**EXERCISE INSTRUCTIONS**
Write out each record exactly as it stands. No pictures belong in the copy.

Captioned web image data:
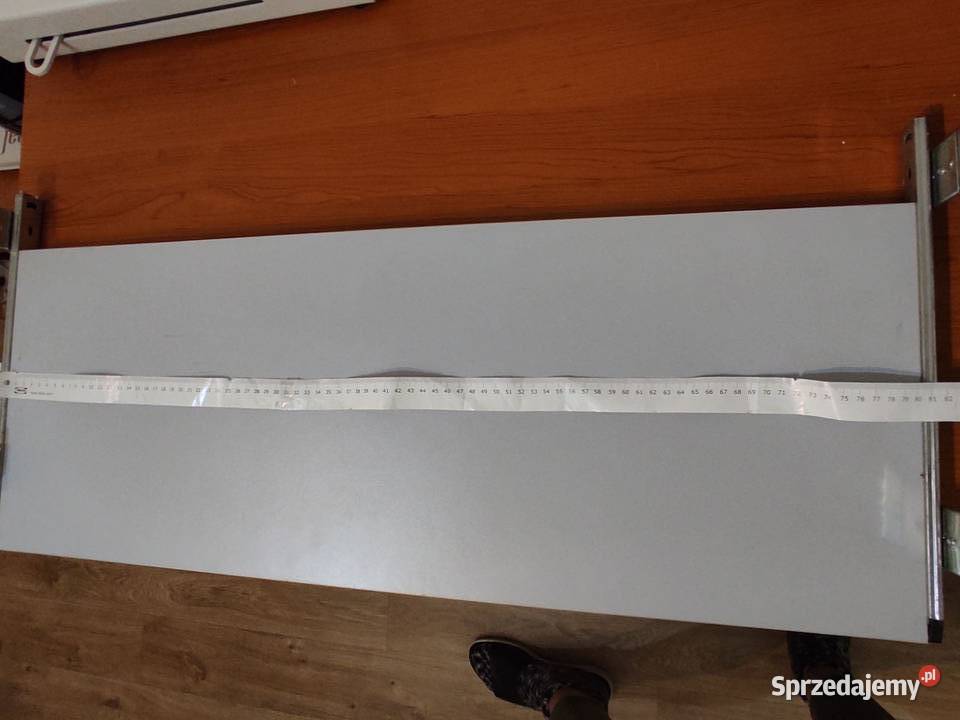 Szara półka z szyną na klawiaturę pod biurko Stoliki, uchwyty i półki Straszyn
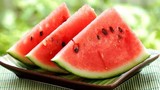 4 sai lầm khi ăn dưa hấu ngày hè, vừa mất chất lại hại sức khỏe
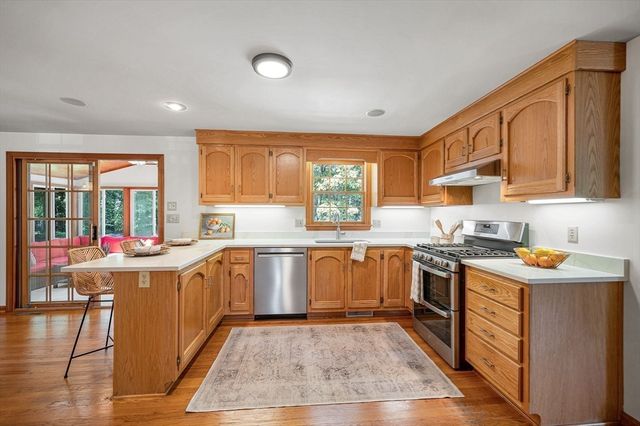 37 Apache Way, Wilmington, MA 01887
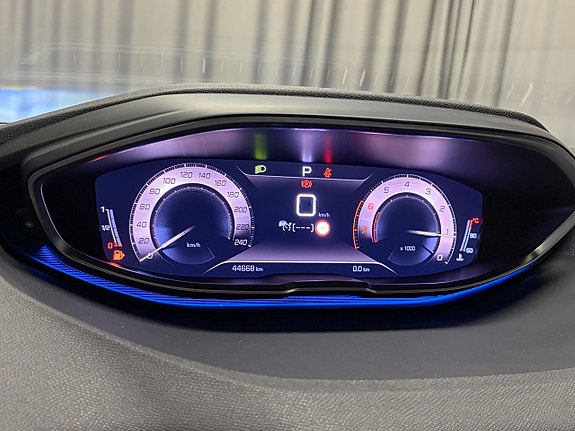 Peugeot 5008 17 of 17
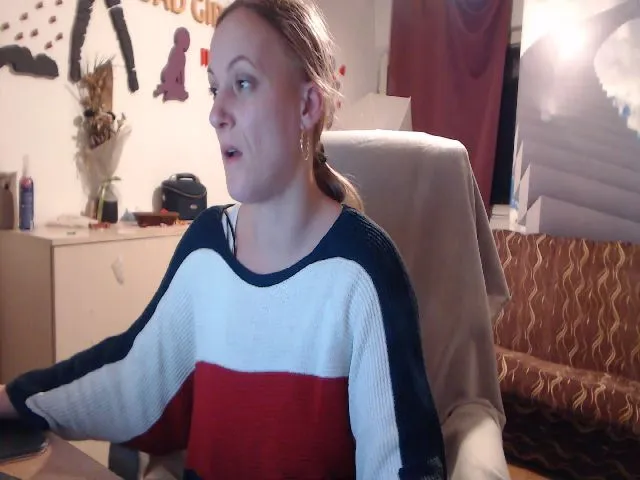 Live sex webcam photo for LiaMelanyy #272579100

**ANSWER FOR THE TASK**
 Szara półka z szyną na klawiaturę pod biurko Stoliki, uchwyty i półki Straszyn
 4 sai lầm khi ăn dưa hấu ngày hè, vừa mất chất lại hại sức khỏe
 37 Apache Way, Wilmington, MA 01887
 Peugeot 5008 17 of 17
 Live sex webcam photo for LiaMelanyy #272579100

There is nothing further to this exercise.